L’ULTIMA SCONFITTA: “Come giocatore, ho vissuto queste situazioni per anni quando giocavo per il Real Madrid e il Barça, e poi l’ho sperimentato come allenatore del Barça e oggi del PSG. Quando i giocatori sono con le rispettive nazionali, hanno sempre una grande motivazione, ed è logico e normale, e lo accetto. Tuttavia, la questione dipende dalla partita che arriverà a livello di importanza per il club, dall’avversario: la motivazione può variare”.

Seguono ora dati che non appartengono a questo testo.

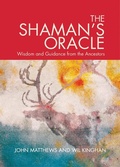 Cover: Shaman's Oracle - Watkins Publishing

STRASBURGO E MILAN: “Quando fai parte di una grande squadra, devi essere in grado di giocare anche quando la motivazione non è al massimo. Questo non è facile, specialmente durante queste pause in cui la prima partita è in campionato e la successiva è in Champions League, come quella contro il Milan di mercoledì. Pensare che la partita contro il Strasburgo sarà facile sarebbe un errore. È una partita molto più difficile di quella contro il Milan. Per il Milan, dovrò calmare i giocatori. Mentre domani dovrò motivarli ed eccitarli. Ecco perché questa partita contro il Strasburgo mi dà più problemi, con un avversario molto giovane, altamente motivato, allenato da un bravo allenatore.”